You would think, me of all people would be screaming "Stop Mass Incarceration" to the top of my lunges, being I have spent almost 15 years of my life in federal prison, snared in the "War on Drugs".

But and that's a big BUT, before I heed to the emotional temptation to use "Mass Incarceration" as a reason and/or excuse for my long incarceration I have to ask myself one simple question, who is REALLY the blame for my "Mass Incarceration"?

Invoke racial discord, speak of injustice and it's very easy to get people to fall in line for almost any cause.

I sold drugs, I carried guns, and by 21 was knee deep in drug trade. I lived that lifestyle because I chose to, not because I was FORCED to.

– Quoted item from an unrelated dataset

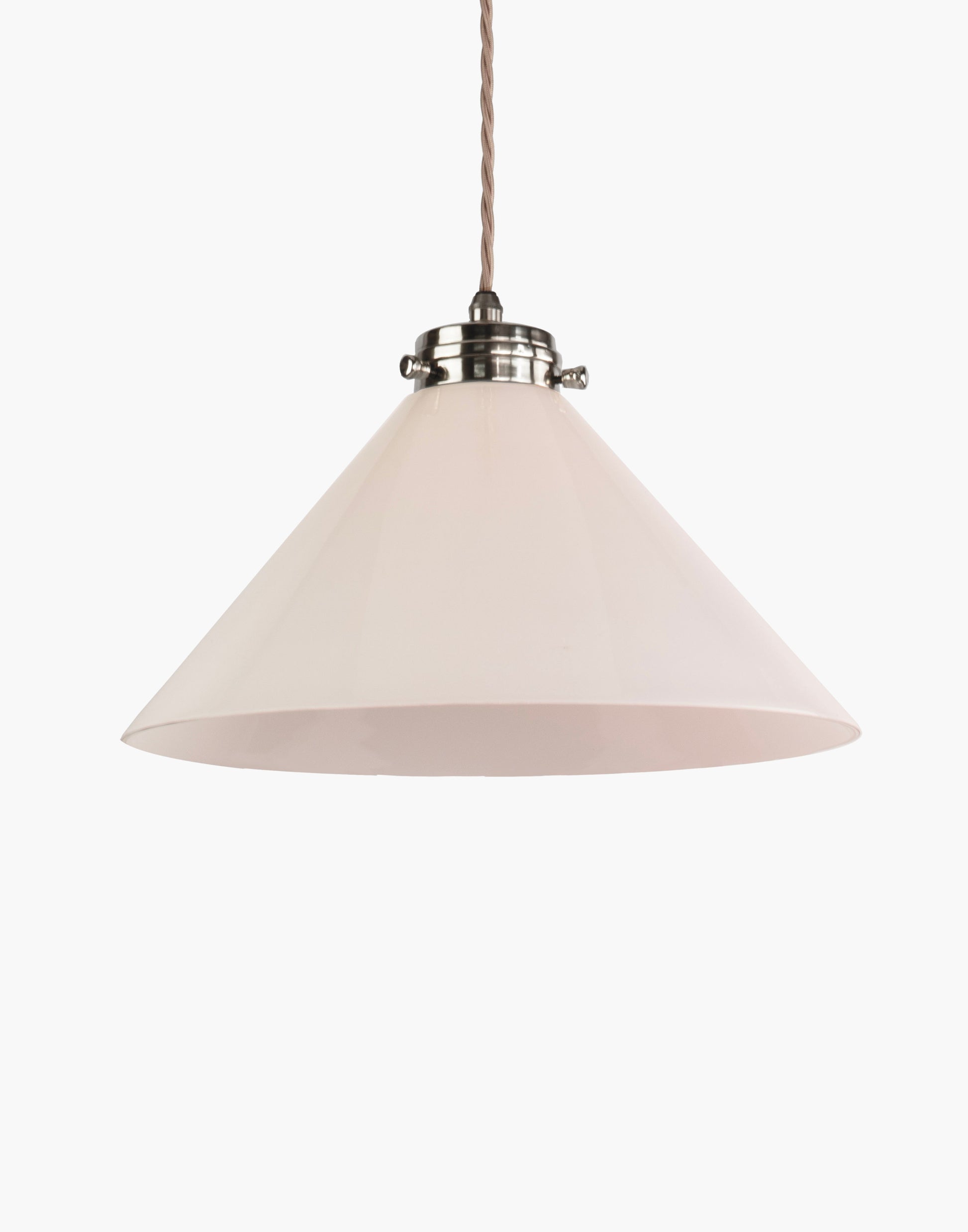 Brass pendant light with adjustable height and silk flex, classic transitional design for interior spaces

So again, who is REALLY the blame?

I have heard lots of arguments about the causes of Mass Incarceration and there's only one that rings true for me and that is, the police do police the black community more aggressively. That I know, but a lot of the other arguments fall short for me.

As a criminal, you know the risks involved in your behavior. You accept that. But you can't cry foul "victim of Mass Incarceration" once you find yourself locked up for a crime you feel doesn't fit the time. Nobody promise you it's going to be fair, once you break a law you leave yourself open to the consequences no matter how severe.

Now if you're TOTALLY INNOCENT that's a different story.

Here's the thing, I have friends who grew up in the same environment as I did, and some in worse homes, but not all of them sold drugs, carried guns, went to prison used drugs, dropped out of school, or became teenage parents.

Mass Incarceration: Who is really the blame? The choices I made back then were my own. The choices I make today are my own, Author, TV Talk Show Host, Speaker, Successful Ex-Offender.

The Devil Tempted Adam with an Apple. Once he bit the Apple Adam couldn't turn around say "Hey that's not fair."

By the way, I quit a job to sell drugs.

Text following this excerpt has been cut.